● BRIEF
Please return the lines below verbatim, beginning at the one that has "Throw number two starts" and stopping after the one that has "I am Dr. Shamaaj", and add no other lines.

Start of MATERIAL PROVIDED

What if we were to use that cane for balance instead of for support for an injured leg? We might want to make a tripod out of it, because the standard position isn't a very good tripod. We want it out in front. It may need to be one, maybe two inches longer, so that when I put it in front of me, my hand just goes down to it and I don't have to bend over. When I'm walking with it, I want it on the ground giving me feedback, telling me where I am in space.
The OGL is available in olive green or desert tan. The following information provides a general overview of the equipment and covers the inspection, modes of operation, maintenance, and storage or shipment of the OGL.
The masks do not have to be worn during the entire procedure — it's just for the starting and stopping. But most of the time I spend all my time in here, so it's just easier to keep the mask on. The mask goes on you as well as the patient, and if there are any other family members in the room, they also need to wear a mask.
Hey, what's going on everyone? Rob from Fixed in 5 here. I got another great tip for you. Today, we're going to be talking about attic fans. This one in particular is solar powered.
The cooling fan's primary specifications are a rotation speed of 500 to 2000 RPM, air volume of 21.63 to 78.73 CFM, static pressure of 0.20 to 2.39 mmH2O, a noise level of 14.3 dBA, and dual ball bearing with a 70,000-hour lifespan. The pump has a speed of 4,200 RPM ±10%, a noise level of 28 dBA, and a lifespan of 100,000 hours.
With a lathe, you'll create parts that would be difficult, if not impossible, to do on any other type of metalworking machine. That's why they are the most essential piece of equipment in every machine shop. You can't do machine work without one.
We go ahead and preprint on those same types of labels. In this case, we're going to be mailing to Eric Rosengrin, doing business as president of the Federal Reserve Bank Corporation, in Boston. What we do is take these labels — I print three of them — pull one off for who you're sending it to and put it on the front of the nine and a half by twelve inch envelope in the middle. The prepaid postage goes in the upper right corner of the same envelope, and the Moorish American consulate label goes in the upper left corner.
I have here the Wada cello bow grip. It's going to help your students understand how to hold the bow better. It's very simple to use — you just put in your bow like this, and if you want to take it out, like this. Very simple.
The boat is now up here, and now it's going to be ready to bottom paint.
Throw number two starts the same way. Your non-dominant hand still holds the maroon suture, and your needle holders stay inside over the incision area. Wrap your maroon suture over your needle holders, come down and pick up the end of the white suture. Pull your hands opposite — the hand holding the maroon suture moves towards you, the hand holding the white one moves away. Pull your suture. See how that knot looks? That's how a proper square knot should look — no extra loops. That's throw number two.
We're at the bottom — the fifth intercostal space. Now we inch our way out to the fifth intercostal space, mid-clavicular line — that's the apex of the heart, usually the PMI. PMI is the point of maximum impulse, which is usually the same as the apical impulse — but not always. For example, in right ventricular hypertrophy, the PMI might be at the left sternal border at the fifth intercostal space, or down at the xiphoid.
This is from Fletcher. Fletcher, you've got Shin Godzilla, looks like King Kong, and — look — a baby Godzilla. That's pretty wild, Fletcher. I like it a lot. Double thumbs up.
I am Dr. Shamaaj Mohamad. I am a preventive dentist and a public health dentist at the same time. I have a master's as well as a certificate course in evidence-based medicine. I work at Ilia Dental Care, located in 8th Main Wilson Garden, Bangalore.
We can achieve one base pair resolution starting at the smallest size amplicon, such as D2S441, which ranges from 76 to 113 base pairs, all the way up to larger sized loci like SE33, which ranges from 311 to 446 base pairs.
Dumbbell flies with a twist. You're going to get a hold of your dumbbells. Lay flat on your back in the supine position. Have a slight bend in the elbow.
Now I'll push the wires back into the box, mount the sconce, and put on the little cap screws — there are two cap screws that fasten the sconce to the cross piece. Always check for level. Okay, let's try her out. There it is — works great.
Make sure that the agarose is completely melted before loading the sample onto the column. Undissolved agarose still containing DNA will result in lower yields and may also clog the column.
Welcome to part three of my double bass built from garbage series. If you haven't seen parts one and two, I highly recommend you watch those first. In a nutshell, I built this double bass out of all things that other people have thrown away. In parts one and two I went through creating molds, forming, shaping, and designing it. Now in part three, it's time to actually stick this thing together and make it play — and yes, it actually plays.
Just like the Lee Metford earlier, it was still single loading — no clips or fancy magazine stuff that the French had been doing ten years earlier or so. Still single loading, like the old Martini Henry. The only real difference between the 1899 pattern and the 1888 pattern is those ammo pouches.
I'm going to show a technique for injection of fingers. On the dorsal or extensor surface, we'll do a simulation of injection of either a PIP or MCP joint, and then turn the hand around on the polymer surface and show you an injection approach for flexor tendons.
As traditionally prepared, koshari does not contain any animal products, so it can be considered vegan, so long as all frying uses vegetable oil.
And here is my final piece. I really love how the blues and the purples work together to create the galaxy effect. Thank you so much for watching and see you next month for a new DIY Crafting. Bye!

End of MATERIAL PROVIDED

● WRITTEN REPLY
Throw number two starts the same way. Your non-dominant hand still holds the maroon suture, and your needle holders stay inside over the incision area. Wrap your maroon suture over your needle holders, come down and pick up the end of the white suture. Pull your hands opposite — the hand holding the maroon suture moves towards you, the hand holding the white one moves away. Pull your suture. See how that knot looks? That's how a proper square knot should look — no extra loops. That's throw number two.
We're at the bottom — the fifth intercostal space. Now we inch our way out to the fifth intercostal space, mid-clavicular line — that's the apex of the heart, usually the PMI. PMI is the point of maximum impulse, which is usually the same as the apical impulse — but not always. For example, in right ventricular hypertrophy, the PMI might be at the left sternal border at the fifth intercostal space, or down at the xiphoid.
This is from Fletcher. Fletcher, you've got Shin Godzilla, looks like King Kong, and — look — a baby Godzilla. That's pretty wild, Fletcher. I like it a lot. Double thumbs up.
I am Dr. Shamaaj Mohamad. I am a preventive dentist and a public health dentist at the same time. I have a master's as well as a certificate course in evidence-based medicine. I work at Ilia Dental Care, located in 8th Main Wilson Garden, Bangalore.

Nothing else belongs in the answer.